The good news first: According research organization The Conference Board’s monthly Help Wanted OnLine Data Series, vacancies advertised online rose by 232,000 openings over the month of June, bringing the total number of available jobs posted online to 4,947,100. The spike was bolstered by a late-month surge after sluggish growth earlier in the month, the report notes. Especially bullish was growth in “Computer and mathematical science” job openings, where June saw 42,400 new ads advertised online–approximately a 7% jump. Other science fields saw more limited growth: New ads categorized as “Life, physical and social science” grew from 73,200 jobs posted in May to 73,400 jobs posted in June.
Now the bad news: Although the U.S. Bureau of Labor Statistics (BLS) announced that 80,000 more people became employed in June, the unemployment rate failed to budge, sitting at 8.2%. (Economists estimate that we need about 120,000 new jobs per month to keep up with new workers entering the workforce.) While it’s not possible to separate out science jobs specifically from BLS’s analysis, it’s safe to say that a stagnant unemployment rate is as disappointing to science job-seekers as it is to the rest of the country’s unemployed.

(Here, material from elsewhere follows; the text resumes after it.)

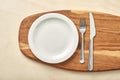 Empty plate and chopping board on table. Top view.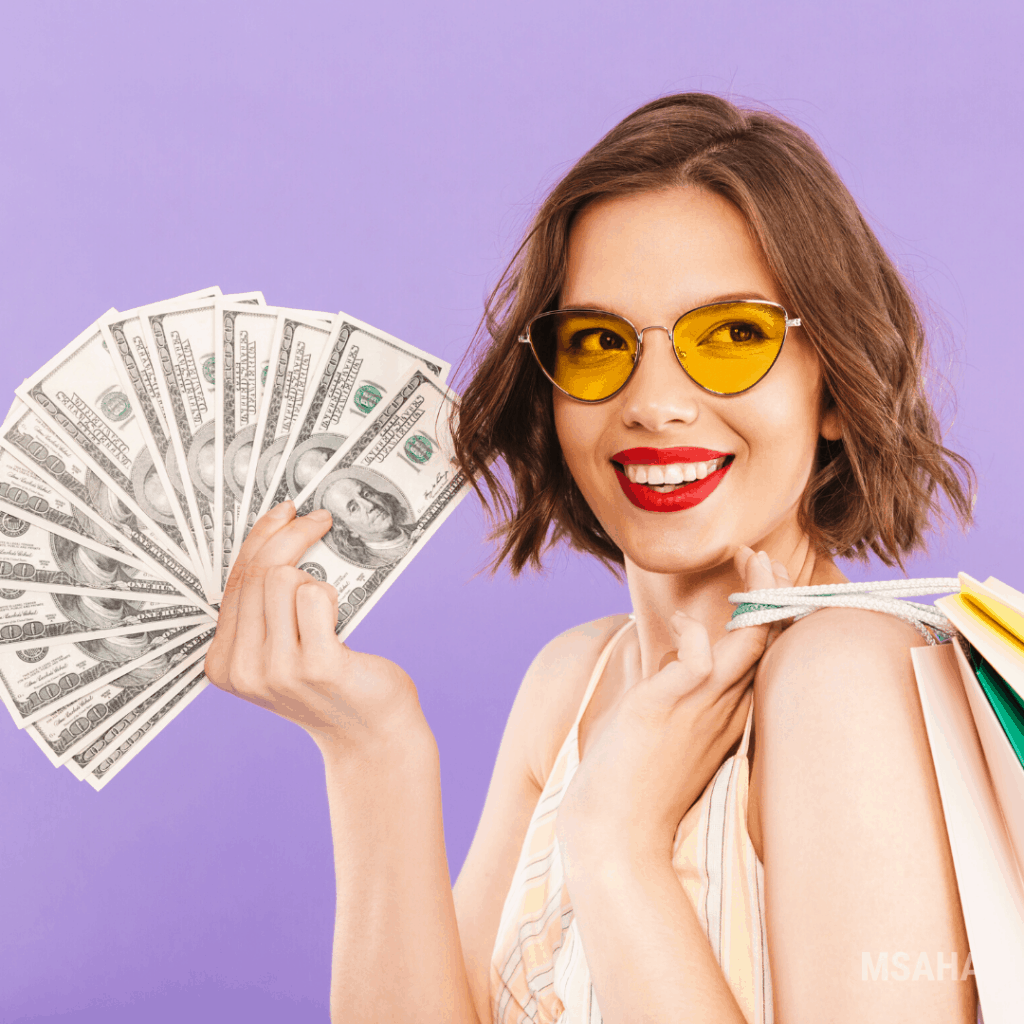 Woman holding shopping bags over her shoulder and cash on the other hand and smiling.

The upshot? If The Conference Board’s numbers are to believed, those seeking computer science careers can breathe just a hair easier. That jibes with other reports seen here and elsewhere that computational science jobs remain in demand in spite of the overall depressed economy. (On the other hand, some people claim that those numbers are being manipulated–that in IT much more than in other fields, every job opening yields several job ads, and that this redundancy isn’t adequately offset in the Conference Board report.) For everyone else, it’s still a waiting game.